The Designated Hero and Protagonist-Centered Morality tropes that are brought up on this page are actually justified in-universe: early in the film, Alexander describes to Dave why what they are doing is not wrong. It all comes down to intentions: if you aren't hurting anybody, and everyone stands to benefit, then the law can be ignored (the specific argument used is, if you were driving down a road with your deathly sick mother and came to a red light where no traffic was present and you knew it was totally safe, would you run the red light?) The comparison becomes valid later on, when Alexander's and Mitchell's extensive illegal actions come to light. Essentially, while Dave's actions are no less illegal, they are more moral and righteous. Whether or not this is a bad thing in and of itself is up for debate, but when held up against Alexander's actions, it's the superior choice.

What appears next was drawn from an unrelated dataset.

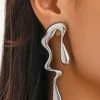 Metal Drop Asymmetrical Earrings>MICAS Fashion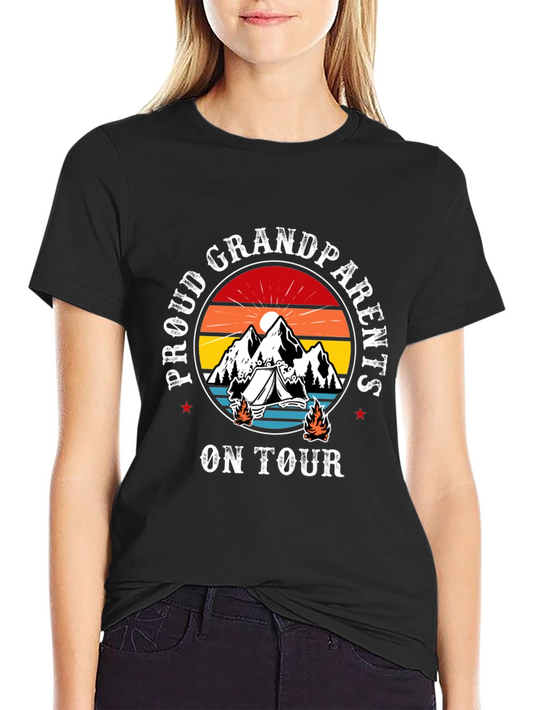 Proud Grandparents On Tour Black T-Shirt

When one considers that Mitchell's campaign probably depicted him more like well-meaning, compassionate Dave than like his scheming, self-serving true personality, one could also argue that Dave is giving America exactly the sort of President it thought it was voting for.
Also, if they did denounce the substitution, it would be even worse. Essentially, they would deal the death knell to the people's trust in the government, creating a huge headache for everyone. Dave simply minimized the damage by hiding the conspiracy in a way that the only repercussion was the destruction of Alexander's career.
At the end of the movie, the recently-widowed First Lady starts up a romantic relationship with Dave, a man who looks a lot like her deceased husband, and can't account for his whereabouts over the past few months. You think that might make people a teeny bit suspicious?
Eh, people will assume she's also an impersonator.
They might also assume it's something to do with her grief over the death of her 'beloved' husband; a bit unusual, perhaps, but not outside the realm of possibility.